Shah Waliullah's argument begins with a recognition of why the legal schools came into existence and why following them was and remains, in most circumstances, the correct approach for ordinary Muslims. The founders of the four schools, Abu Hanifa, Malik, al-Shafi'i, and Ahmad ibn Hanbal, were scholars of extraordinary learning who spent their entire lives mastering the Quran, the Sunnah, and the methods of deriving legal rulings from these sources. Ordinary Muslims, who lack this level of training, have no choice but to follow those who have it, just as patients must follow medical advice without being physicians themselves. The legal schools represent centuries of accumulated scholarly wisdom about how to apply the sources to practical cases, and this wisdom should not be lightly set aside in favor of unguided individual interpretation.
At the same time, Shah Waliullah argues that the original founders of the legal schools did not intend their conclusions to be followed mechanically in all circumstances regardless of evidence. They themselves constantly revised their positions when stronger evidence came to light, and they explicitly stated that when an authentic hadith contradicts their stated position, the hadith should be followed. Shah Waliullah saw in the proliferation of taqlid without understanding a kind of intellectual sclerosis that prevented the Islamic scholarly tradition from responding to new circumstances and from resolving the unnecessary disagreements that divided the community. His call for renewed ijtihad was not a rejection of the classical schools but an insistence that ijtihad should continue within the framework they established.

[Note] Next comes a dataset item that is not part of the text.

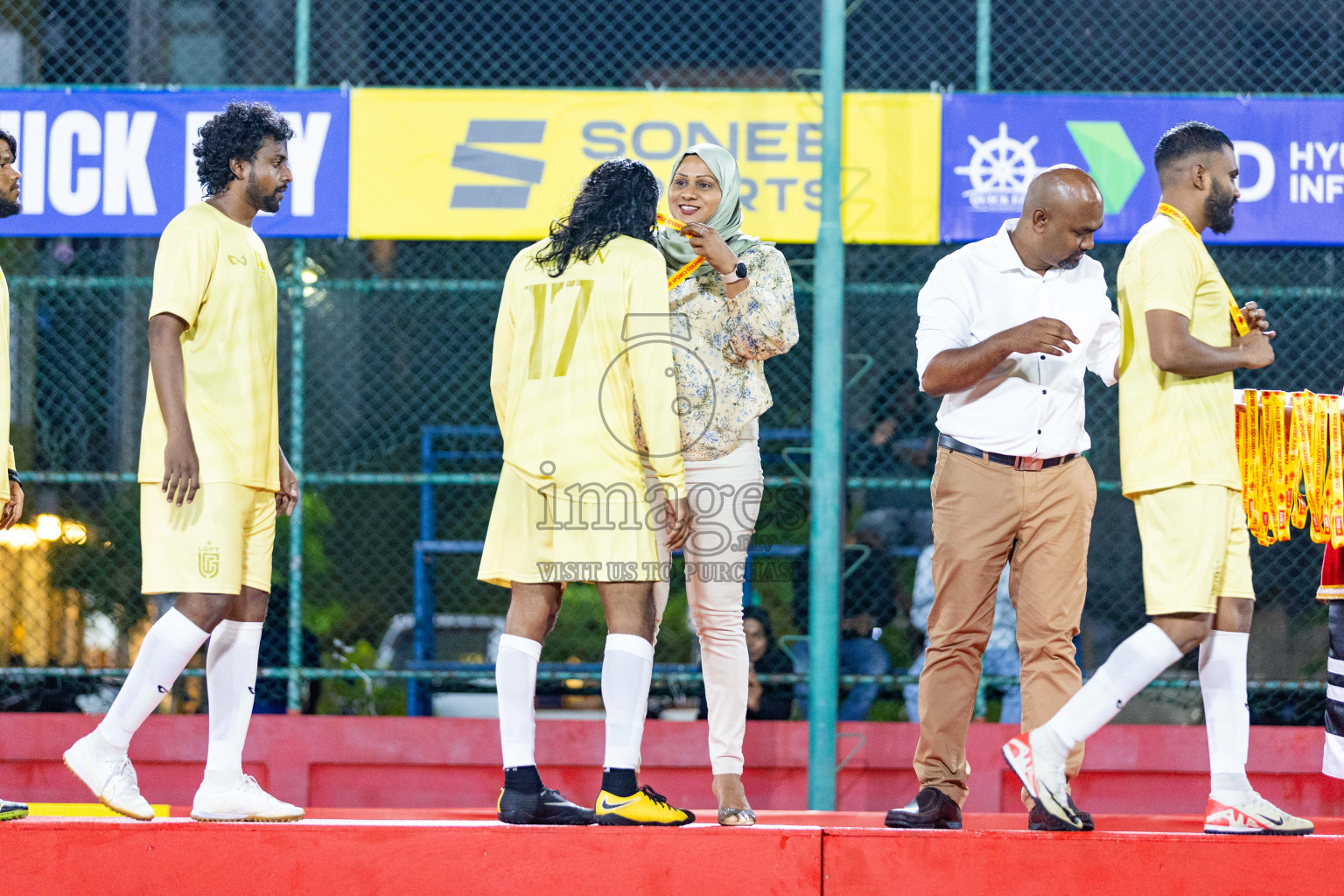 Opening of Golden Futsal Challenge 2024 with Charity Shield Match between L.Gan vs Th. Thimarafushi was held on Sunday, 14th January 2024, in Hulhumale', Maldives Photos: Nausham Waheed / images.mv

Shah Waliullah's approach to harmonizing the four schools is particularly significant. He argued that on many questions where the schools appear to disagree, the disagreement is not in fact about the underlying Islamic principle but about its application in specific historical and social contexts. By identifying the underlying principles and separating them from their historically conditioned applications, a skilled scholar can often find that the schools agree at a deeper level than their surface disagreements suggest. This project of principled harmonization, which Shah Waliullah pursued throughout the Hujjat Allah al-Balighah, was intended to demonstrate the fundamental unity of Islamic law beneath the diversity of its schools, and to provide a basis for the kind of ecumenical scholarship that could serve the entire Muslim community rather than merely one legal tradition.